In ‘Assemblage’ the poet vows ‘I shall know thee through ghosts of other bodies’. These are natural, scientific bodies, but the reader feels (at times uncomfortably) as if it’s their own body, too. The ‘you’ of ‘Hello Stranger’ becomes the ‘stranger of clay and cloth’, attempting to love — to make love, to construct it and examine it — in the forest. Doing so, the poet draws the reader (‘you’) into her poetic ‘I’; acknowledges the reader as an other, necessary, body.

The white cat observes everything.

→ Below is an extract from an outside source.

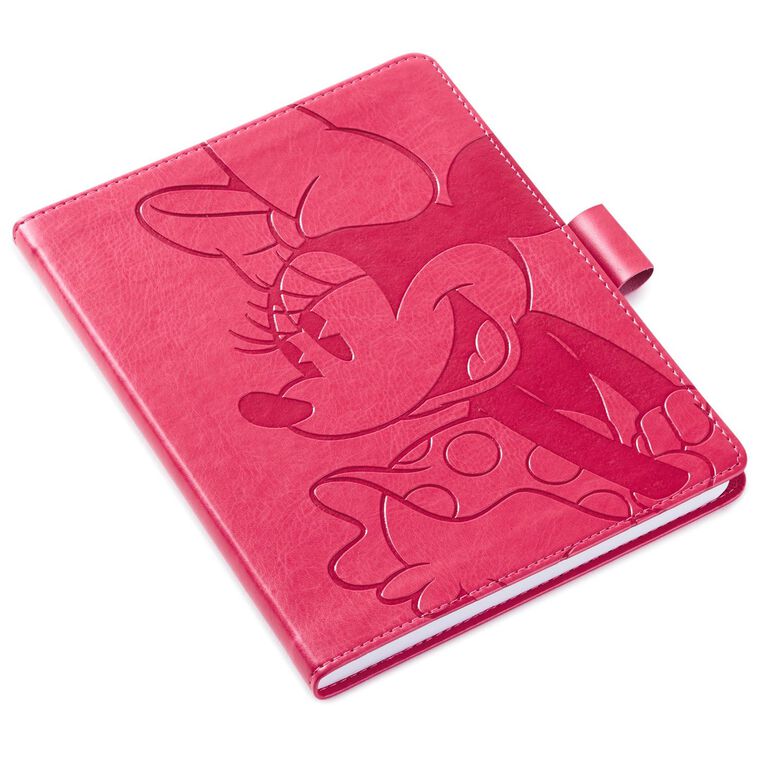 Hallmark Minnie Mouse faux leather notebook with etched Minnie illustration, pink cover, and polka dot interior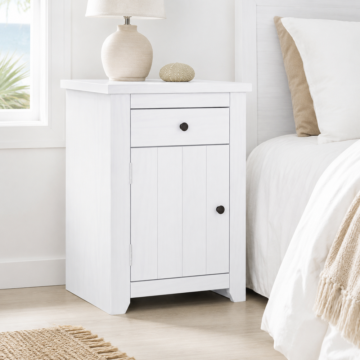 Heathrow White 1 Drawer 1 Door Bedside Cabinet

The white cat encounters ‘intimacy / up there / under the skirt of god’ (‘Assemblage’) which echoes this divinity and casts ‘god’ as a (female?) body in skirts. ‘Chaos marks the white cat’s wake’, the poet asserts, and shapelessness echoes in the lack of page numbers here, in the lack of conventional punctuation, in the beautiful art of decay.

I finally understood that these poems reveal love, divine and personal, when I read

the white cat saunters through the garden of mother julian
the parasites of the white cat saunter through the body of the white cat
[…]
the world’s taste is of white hot ash
     [‘Assemblage’]

It is also bloody, as acknowledged in part ii of ‘The Other Body’, with its fruiting body and ‘scarlet elf cup’ strongly implying the moon cup of menstruation, that witness of fruitfulness.

When at last (in ‘The Other Body’) the poet begins to write, she ‘waver[s] into composition / am in ribbons // thread this body / another bead’. In this way, she writes her self into the physical, casts bodies as dewdrops on spiderwebs.

But in one respect she lies. She never wavers.

This is an assured, knowledgeable body of work.